* _PROBLEM TO WORK ON_
Drop every picture, then transcribe the remaining data exactly.

Collected data

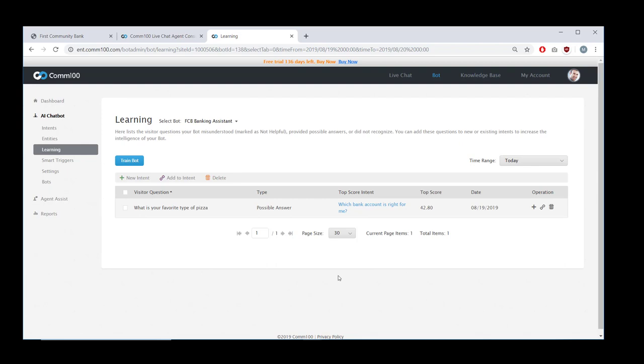It's worth mentioning that all of this can be done without any advanced technical knowledge. In fact, your entire bot can be built using our code-free UI, which means you can always be in control of the way your bot functions and the responses it gives.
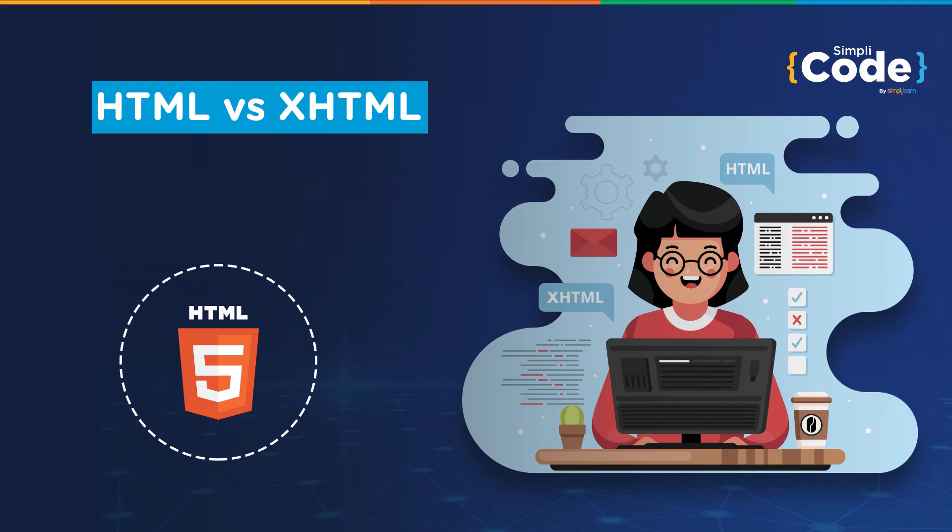Hello everyone and welcome to Simply Code's YouTube channel. Kaushal this side and I hope you guys are doing well. Today, we'll be taking you through HTML vs XHTML.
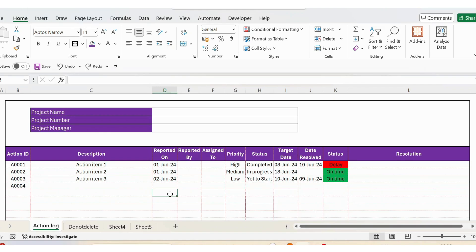Hello everyone, welcome back. In this video, let's see how to create an action log tracker in Excel. This tracker is absolutely free — if you are interested, you can download it from the link provided in the description below.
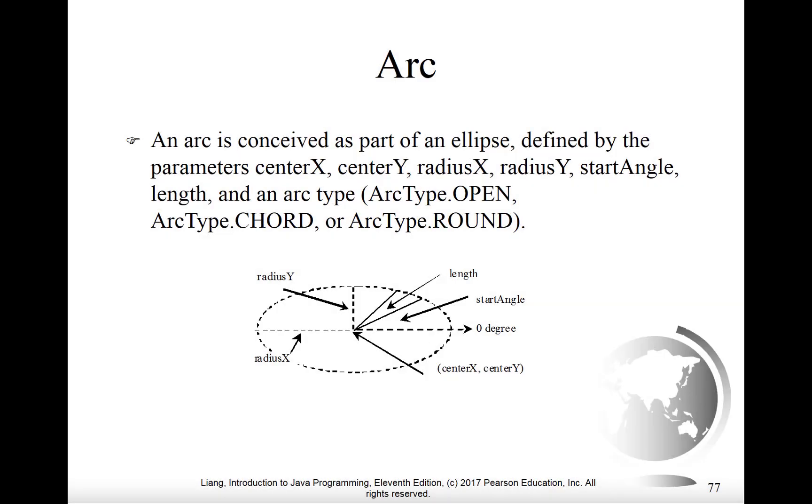Another shape available for your disposal in JavaFX is the arc, and the arc is basically a piece of an ellipse. As such, it's going to have a center x and a center y and a radius x and a radius y, just like an ellipse would.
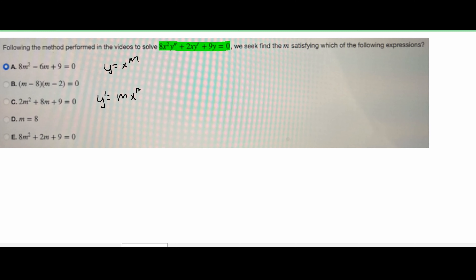To start this off, we need to substitute a few things in. We are going to use that y is equal to x^m. We need the derivative for this, so y prime is going to equal m times x^(m-1). Now we need the second derivative, so y double prime is equal to m times (m-1) times x^(m-2).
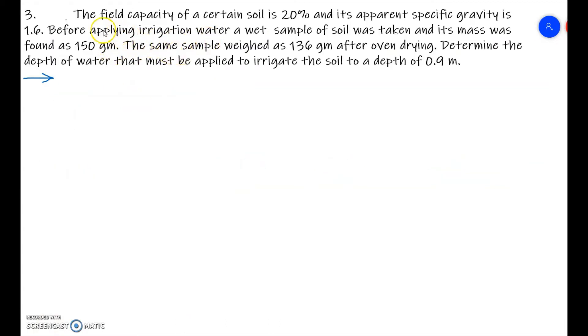In the next problem, the field capacity of a certain soil is 20 percent (FC = 0.2), and its apparent specific gravity — that is, gamma_d / gamma_w — is given as 1.6. Before applying irrigation water, a wet sample of soil was taken and its mass was found as 150 grams. The sample weight after oven drying was 136 grams.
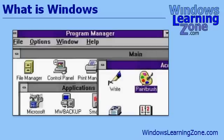Then a few years later, Microsoft came out with Windows. At first, Windows was just a program that ran on top of DOS. It was just a pretty graphical interface to allow non-nerds to be able to work with a computer. It was very limited by today's standards, but it did the job.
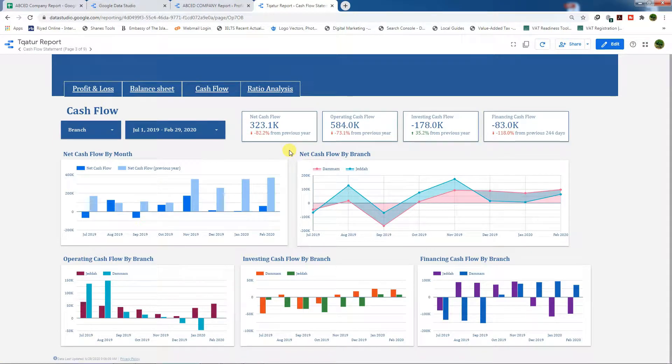Bismillah ar-Rahman ar-Rahim. Assalamu alaikum. In today's video, we will learn how we can create a responsive dashboard for a cash flow statement.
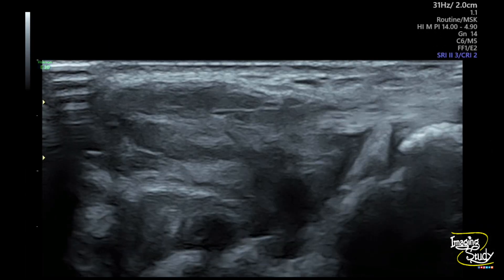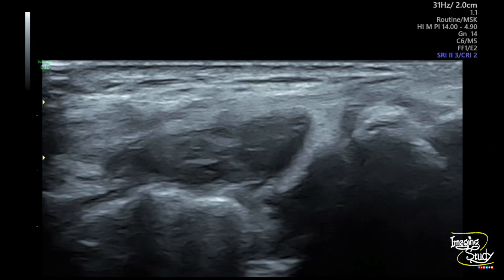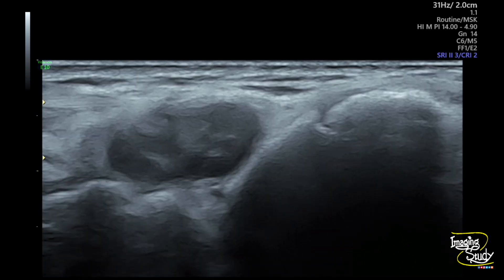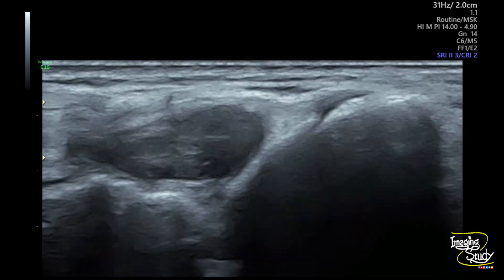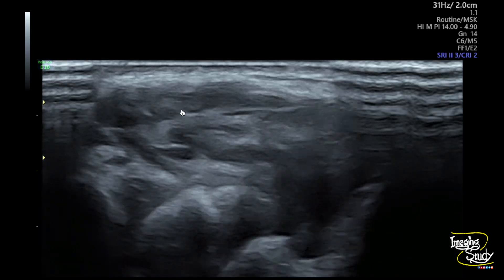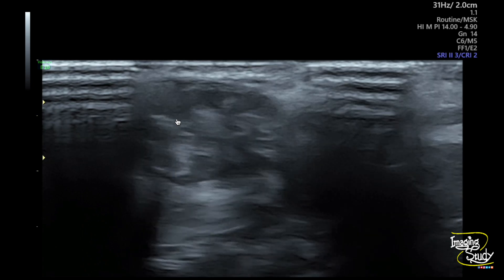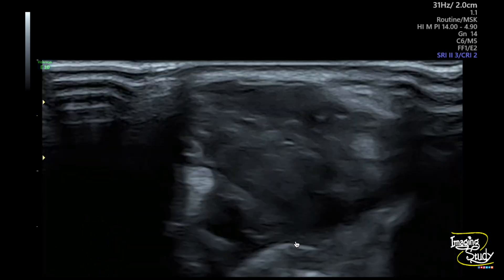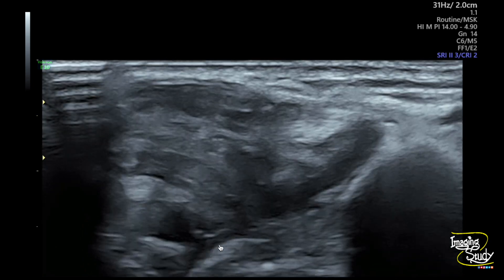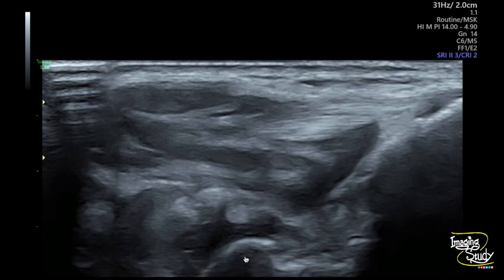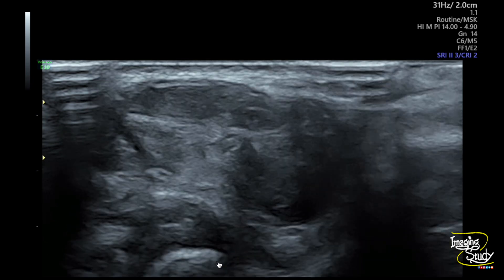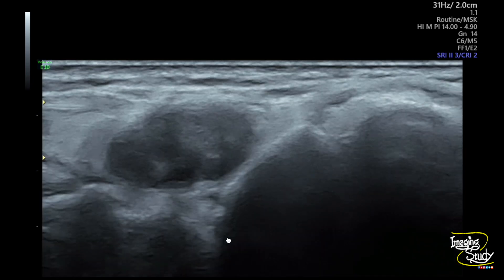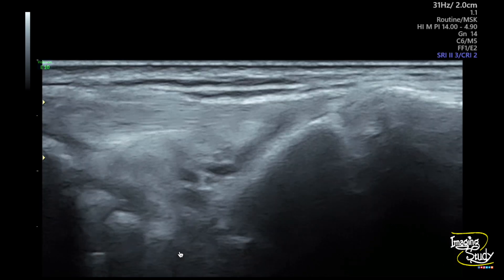Here you can see the high frequency ultrasound of the wrist joint from the dorsal aspect. You can see a heterogeneous hypoechoic area. If we check carefully, there is an extension of this hypoechoic area to the joint cavity. This is the scapholunate joint and it is a very common site when it is at the dorsal aspect.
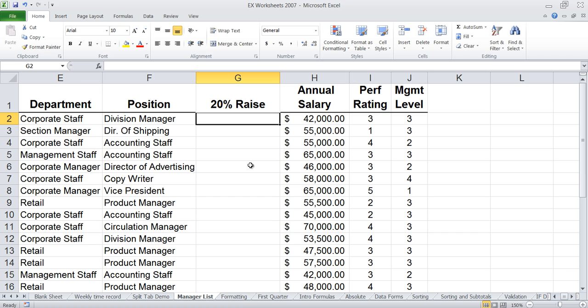If you're going to create a formula that's going to give everybody a 20% raise — wouldn't that be great? — we know we can use that as a multiplier of 1.2 times our annual salary as a formula.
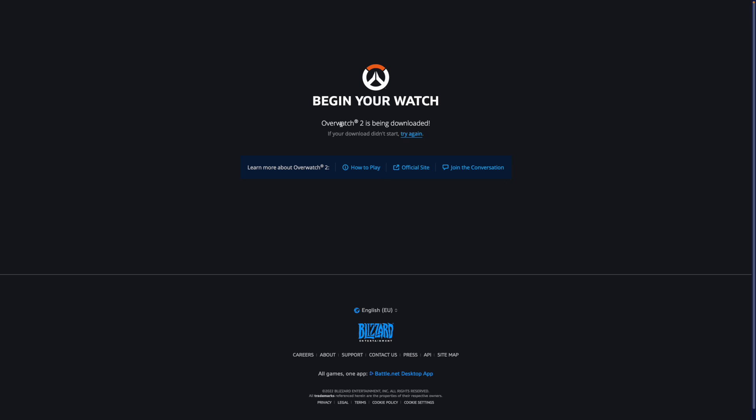Once the download has finished, all you simply need to do is install it on your Windows PC or on any console that you're using. And that's how easy it is to go ahead and download Overwatch 2.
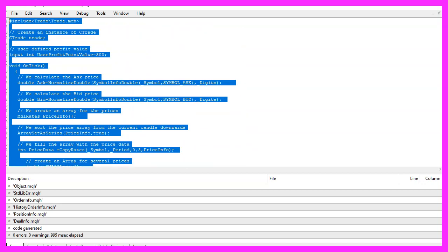If this was too fast or if you have no idea what the code does, maybe you want to watch one of the other videos in this basic video series, or maybe the premium course on our website might be interesting for you. This was a question asked by a premium course member, and if you are already a premium course member and have a question like this one, please let me know.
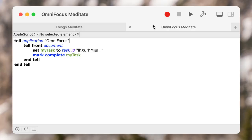We'll start with the OmniFocus one. It's just six super short lines of AppleScript, and the key is the task ID, which if you don't know how to access, I'll show you later in the video. Since the task ID is written into the AppleScript, you're going to need a separate copy for every task that you're trying to complete remotely.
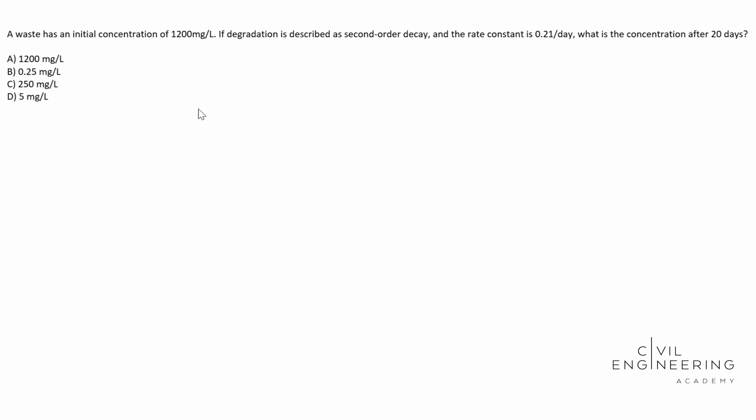The first step to this problem is to figure out what equation we can use from our manuals. I found a pretty good one. We can look in the PE on page 430, or if you're looking in the FE manual, you're gonna be on page 324.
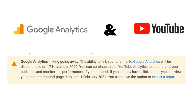They are two separate things, but unfortunately Google has decided to disintegrate them. According to information which is actually less communicated by Google, this discontinuation actually started from 17 November 2020. But those who had already integrated Google Analytics with their YouTube earlier had up to 1st February 2021 to get some data out of it. From after that, the data is no longer provided.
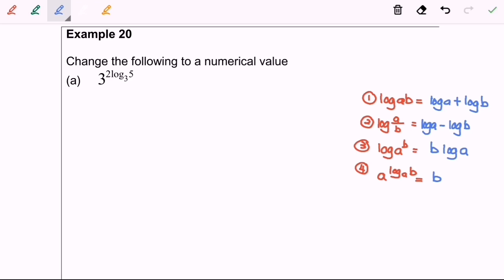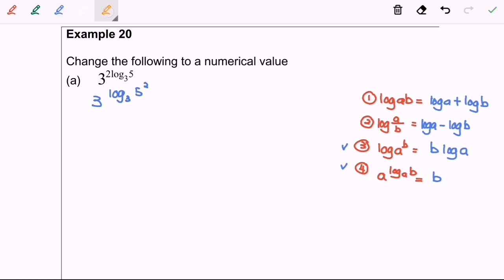I'm going to apply rules number three, rewriting it as 3 to the power of log base 3 of 5, all to the power of 2. Next, applying rules number four — since the base and the log base are both 3, we can simplify to 5 to the power of 2, which gives us 25.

* _SOLUTION TO THIS PROBLEM_
It's worth mentioning that all of this can be done without any advanced technical knowledge. In fact, your entire bot can be built using our code-free UI, which means you can always be in control of the way your bot functions and the responses it gives.
Hello everyone and welcome to Simply Code's YouTube channel. Kaushal this side and I hope you guys are doing well. Today, we'll be taking you through HTML vs XHTML.
Hello everyone, welcome back. In this video, let's see how to create an action log tracker in Excel. This tracker is absolutely free — if you are interested, you can download it from the link provided in the description below.
Another shape available for your disposal in JavaFX is the arc, and the arc is basically a piece of an ellipse. As such, it's going to have a center x and a center y and a radius x and a radius y, just like an ellipse would.
To start this off, we need to substitute a few things in. We are going to use that y is equal to x^m. We need the derivative for this, so y prime is going to equal m times x^(m-1). Now we need the second derivative, so y double prime is equal to m times (m-1) times x^(m-2).
In the next problem, the field capacity of a certain soil is 20 percent (FC = 0.2), and its apparent specific gravity — that is, gamma_d / gamma_w — is given as 1.6. Before applying irrigation water, a wet sample of soil was taken and its mass was found as 150 grams. The sample weight after oven drying was 136 grams.
Then a few years later, Microsoft came out with Windows. At first, Windows was just a program that ran on top of DOS. It was just a pretty graphical interface to allow non-nerds to be able to work with a computer. It was very limited by today's standards, but it did the job.
Bismillah ar-Rahman ar-Rahim. Assalamu alaikum. In today's video, we will learn how we can create a responsive dashboard for a cash flow statement.
Here you can see the high frequency ultrasound of the wrist joint from the dorsal aspect. You can see a heterogeneous hypoechoic area. If we check carefully, there is an extension of this hypoechoic area to the joint cavity. This is the scapholunate joint and it is a very common site when it is at the dorsal aspect.
If you're going to create a formula that's going to give everybody a 20% raise — wouldn't that be great? — we know we can use that as a multiplier of 1.2 times our annual salary as a formula.
Once the download has finished, all you simply need to do is install it on your Windows PC or on any console that you're using. And that's how easy it is to go ahead and download Overwatch 2.
If this was too fast or if you have no idea what the code does, maybe you want to watch one of the other videos in this basic video series, or maybe the premium course on our website might be interesting for you. This was a question asked by a premium course member, and if you are already a premium course member and have a question like this one, please let me know.
We'll start with the OmniFocus one. It's just six super short lines of AppleScript, and the key is the task ID, which if you don't know how to access, I'll show you later in the video. Since the task ID is written into the AppleScript, you're going to need a separate copy for every task that you're trying to complete remotely.
The first step to this problem is to figure out what equation we can use from our manuals. I found a pretty good one. We can look in the PE on page 430, or if you're looking in the FE manual, you're gonna be on page 324.
They are two separate things, but unfortunately Google has decided to disintegrate them. According to information which is actually less communicated by Google, this discontinuation actually started from 17 November 2020. But those who had already integrated Google Analytics with their YouTube earlier had up to 1st February 2021 to get some data out of it. From after that, the data is no longer provided.
I'm going to apply rules number three, rewriting it as 3 to the power of log base 3 of 5, all to the power of 2. Next, applying rules number four — since the base and the log base are both 3, we can simplify to 5 to the power of 2, which gives us 25.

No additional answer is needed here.